# What the task asks
Up to and including the line with "11th Hour - 10th October 2016", copy the records below exactly from their first line.

# Material shown

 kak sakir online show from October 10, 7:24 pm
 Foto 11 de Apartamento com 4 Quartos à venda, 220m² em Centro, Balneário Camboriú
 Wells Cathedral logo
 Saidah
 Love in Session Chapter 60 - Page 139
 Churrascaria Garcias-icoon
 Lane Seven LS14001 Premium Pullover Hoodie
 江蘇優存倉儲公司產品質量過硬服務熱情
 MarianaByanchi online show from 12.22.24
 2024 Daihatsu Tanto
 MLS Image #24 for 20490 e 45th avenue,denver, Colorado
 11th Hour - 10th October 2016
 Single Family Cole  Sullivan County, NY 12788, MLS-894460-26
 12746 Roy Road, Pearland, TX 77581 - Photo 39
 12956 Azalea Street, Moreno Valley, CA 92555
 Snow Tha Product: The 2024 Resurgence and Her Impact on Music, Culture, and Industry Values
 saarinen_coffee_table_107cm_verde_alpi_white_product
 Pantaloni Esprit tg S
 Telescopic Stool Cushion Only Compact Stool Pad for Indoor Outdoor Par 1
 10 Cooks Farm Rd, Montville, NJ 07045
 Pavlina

# Result
 kak sakir online show from October 10, 7:24 pm
 Foto 11 de Apartamento com 4 Quartos à venda, 220m² em Centro, Balneário Camboriú
 Wells Cathedral logo
 Saidah
 Love in Session Chapter 60 - Page 139
 Churrascaria Garcias-icoon
 Lane Seven LS14001 Premium Pullover Hoodie
 江蘇優存倉儲公司產品質量過硬服務熱情
 MarianaByanchi online show from 12.22.24
 2024 Daihatsu Tanto
 MLS Image #24 for 20490 e 45th avenue,denver, Colorado
 11th Hour - 10th October 2016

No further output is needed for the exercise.